Yet, not all of the Islamists vying for attention belong to parties or established movements.  For some, this is because of a doctrinal aversion to hizbiyya or partisanship; for others, it is simply because they are unaffiliated to any specific theological movement or Islamist grouping.  Khalil al-Anani terms them ‘informal’ Islamists:

“They are not officially affiliated with any Islamist movement. Nor are they keen to establish their own organizations. Ironically, they shunned joining any of the new Islamists parties.
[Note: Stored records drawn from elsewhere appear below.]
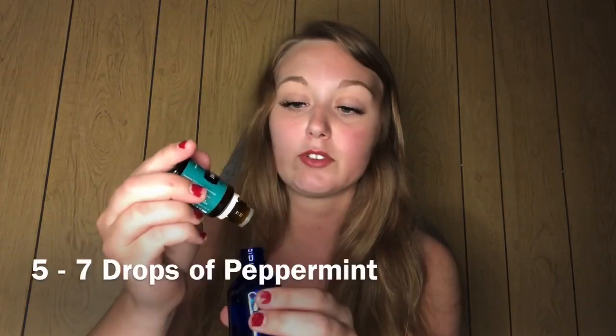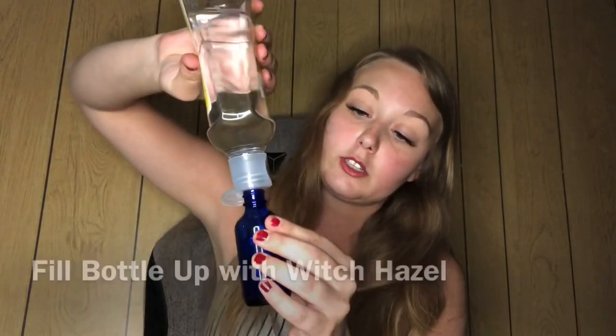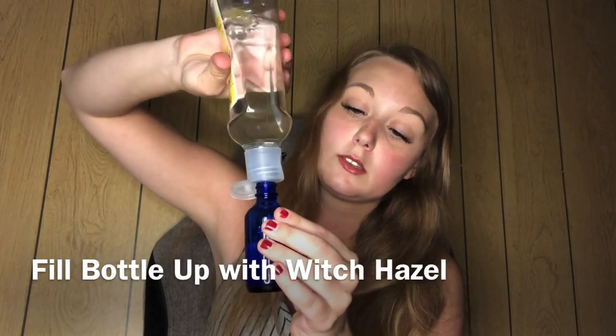Add about five to seven drops of peppermint into your bottle as well. After you add those, fill the rest up with witch hazel — I just got this from Walmart as a quick purchase. Fill it up with witch hazel, then put your cap back on and give it a good shake.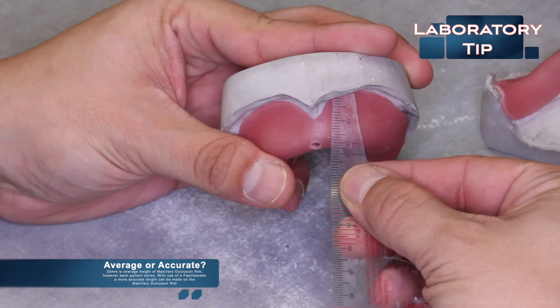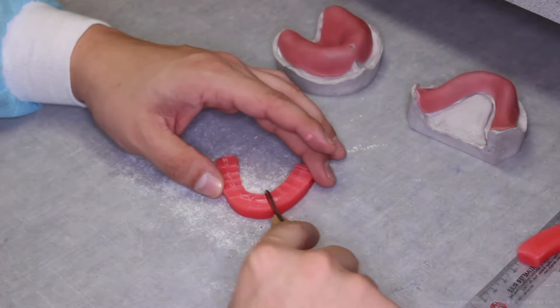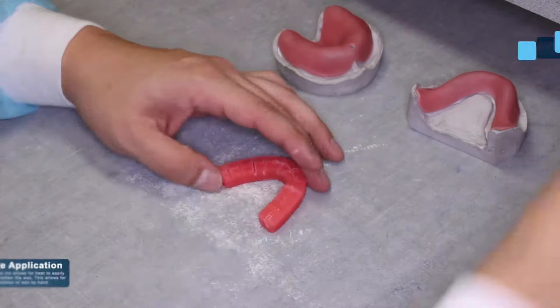Once the record bases are completed, it is time to fabricate the occlusion rims. Preformed wax rims can be used. The Air Force manual mentions two other methods: folding of a base plate wax or using an occlusion rim form. A tip for adapting the occlusion rim to the record base is to cut into the wax — this allows heat to easily penetrate and soften it, allowing for easy manipulation of the wax by hand.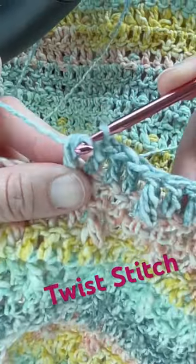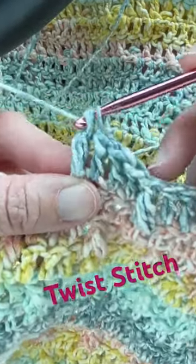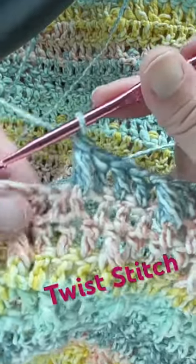Then yarn over, pulling through the first four loops, yarn over again, pull through the last two loops. And that is your twist stitch.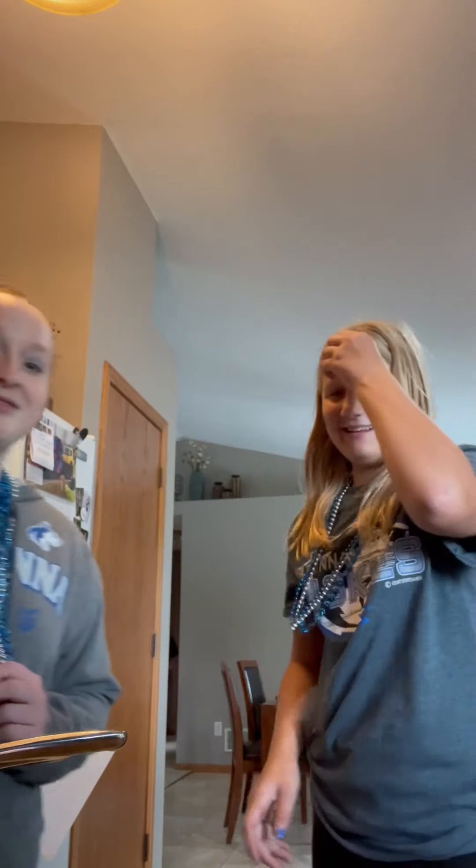Hey, this is for Idella and Anika because you guys are the only ones who are gonna watch this. But yeah, this is one of many many videos we're gonna post tonight. With our gritties, we're so slay. And I saw Danica's here.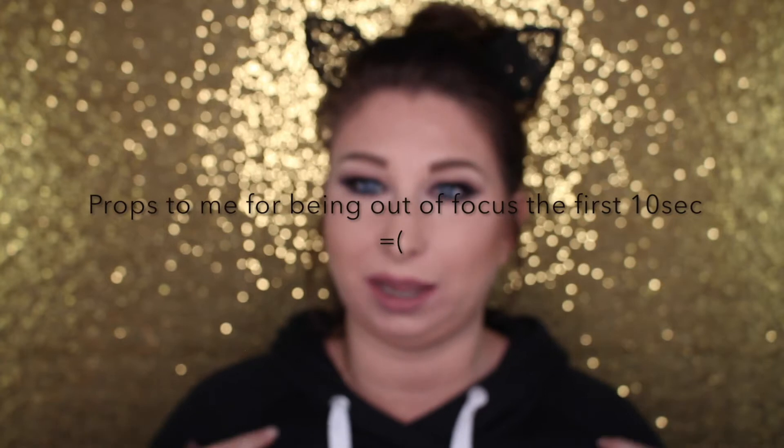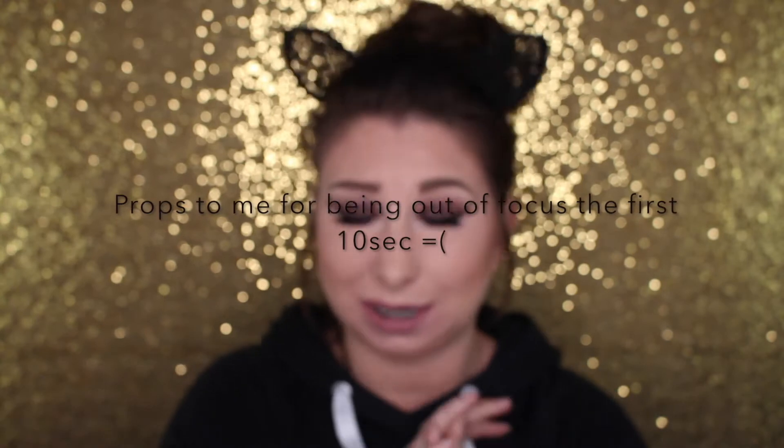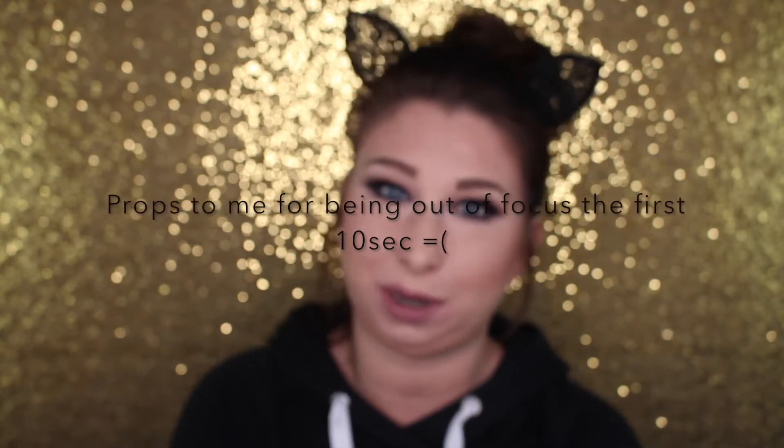Hey guys, what is up! Today is a Sunday evening — I'm in a sweatshirt, messy bun, and some cute little kitty ears. I did do my makeup but wasn't feeling my hair, so messy bun Sunday fun day. I took a nap earlier so my makeup looks a bit messed up, and I have my tea here to help keep me awake. Anyway, today's video is a review and swatch video.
Moreover, whereas “formal” Islamists, for example, the MB, ad-Dawa al-Salafiyya, and ex-Jihadists, rushed to formal politics, “informal” Islamists prefer to play outside the official framework.”
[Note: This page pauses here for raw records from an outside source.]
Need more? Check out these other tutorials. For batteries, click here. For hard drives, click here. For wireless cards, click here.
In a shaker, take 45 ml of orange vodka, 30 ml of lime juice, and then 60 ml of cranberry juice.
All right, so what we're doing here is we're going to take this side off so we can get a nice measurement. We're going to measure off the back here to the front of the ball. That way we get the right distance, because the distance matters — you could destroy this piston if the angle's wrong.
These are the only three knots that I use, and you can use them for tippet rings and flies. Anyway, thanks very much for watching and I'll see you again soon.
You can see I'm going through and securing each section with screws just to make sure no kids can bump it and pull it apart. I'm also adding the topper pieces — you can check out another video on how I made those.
Perhaps the archetypal unaffiliated or ‘informal’ Islamist is the Egyptian Sheikh Yusuf al-Qaradawi.  Despite being associated with the Ikhwan, and playing a pivotal role in the initial formation of the Global Muslim Brotherhood Organisation, al-Qaradawi has established a global independent platform for his doctrine of wasatiyya or ‘moderation’ in one’s interpretation of Islam.  Through his appearances on the popular Al Jazeera show Al Sharia wal Hayat, his leadership of the International Union of Muslim Scholars, to the publication of numerous books translated into a multitude of languages, he has been able propagate his ideology to a global audience independently of the Egyptian Brotherhood.
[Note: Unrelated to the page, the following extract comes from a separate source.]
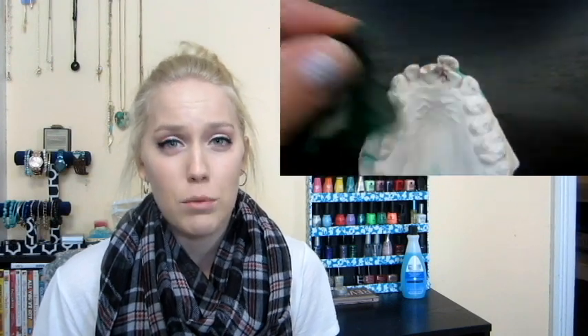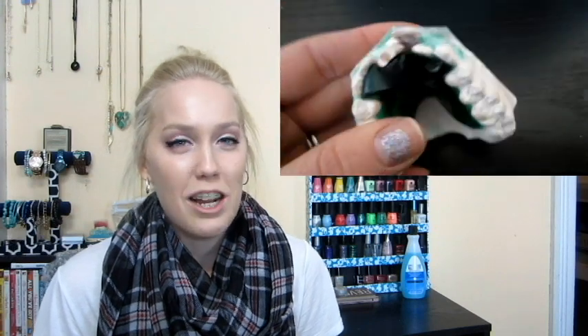It's also not glued in — you can take it out whenever you want to, but it wasn't recommended. I can't say that I wore it religiously. I wore it about 90% of the time, but when I'd get really self-conscious about talking, I would just slip it out and put it back in later.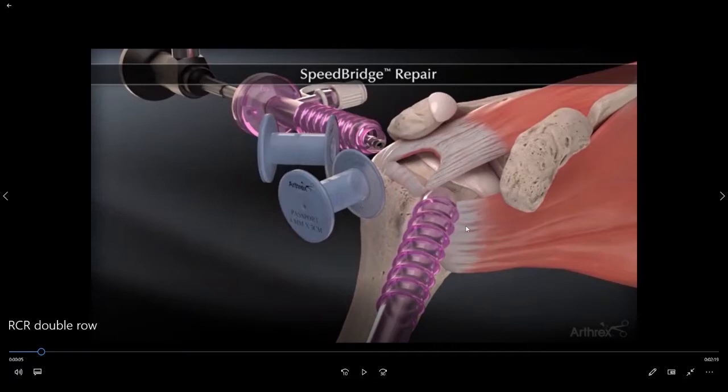This tendon in the front appears to be nicely attached to the bone. However, this tendon up top — in this particular shoulder, this is the supraspinatus tendon — this tendon is torn up and away from the bone. You can see that it's actually retracted back about a centimeter or two from its attachment on the bone at what we call the footprint.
It is the flexibility of operating outside of any formal religious or political organisation that has been a boon for this type of Islamist personality in the wake of the Arab uprisings.  Whilst politico-religious movements such as the Ikhwan and the Salafis have entered parliament, Islamists such as the Egyptian presidential candidate Hazem Abu Ismail, who bridges the gap between the two, have been left untarnished by any controversial pronouncements made by members of either movement, and have built allegiances that cross traditional class and economic boundaries.

It is worth noting that these types of Islamist only represent a short term threat to the political aspirations of the Brotherhood and the Salafi movement; in the long term, these independent Islamists serve to frame the terms of the political debate along Islamic lines.  They broadly share the same goals as these movements in that they wish to see greater Islamic unity, and to see a prominent role for the sharia in the legal systems of their respective countries.